■ **Records to use**
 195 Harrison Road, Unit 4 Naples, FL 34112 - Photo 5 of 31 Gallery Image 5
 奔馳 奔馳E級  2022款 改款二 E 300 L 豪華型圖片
==
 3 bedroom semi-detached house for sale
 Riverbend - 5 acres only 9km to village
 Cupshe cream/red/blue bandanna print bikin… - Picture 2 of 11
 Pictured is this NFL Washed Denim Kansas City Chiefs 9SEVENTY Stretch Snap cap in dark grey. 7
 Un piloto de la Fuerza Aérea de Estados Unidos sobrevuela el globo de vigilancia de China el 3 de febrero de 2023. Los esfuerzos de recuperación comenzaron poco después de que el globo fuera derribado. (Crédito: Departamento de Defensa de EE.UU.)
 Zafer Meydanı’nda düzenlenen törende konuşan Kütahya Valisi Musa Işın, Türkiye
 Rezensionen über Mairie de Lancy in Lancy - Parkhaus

■ **What you have to do**
From the records above, print only the lines between the one holding "Un piloto de" and the one holding "Rezensionen über Mairie", inclusive, exactly as they stand.

■ **Answer section**
 Un piloto de la Fuerza Aérea de Estados Unidos sobrevuela el globo de vigilancia de China el 3 de febrero de 2023. Los esfuerzos de recuperación comenzaron poco después de que el globo fuera derribado. (Crédito: Departamento de Defensa de EE.UU.)
 Zafer Meydanı’nda düzenlenen törende konuşan Kütahya Valisi Musa Işın, Türkiye
 Rezensionen über Mairie de Lancy in Lancy - Parkhaus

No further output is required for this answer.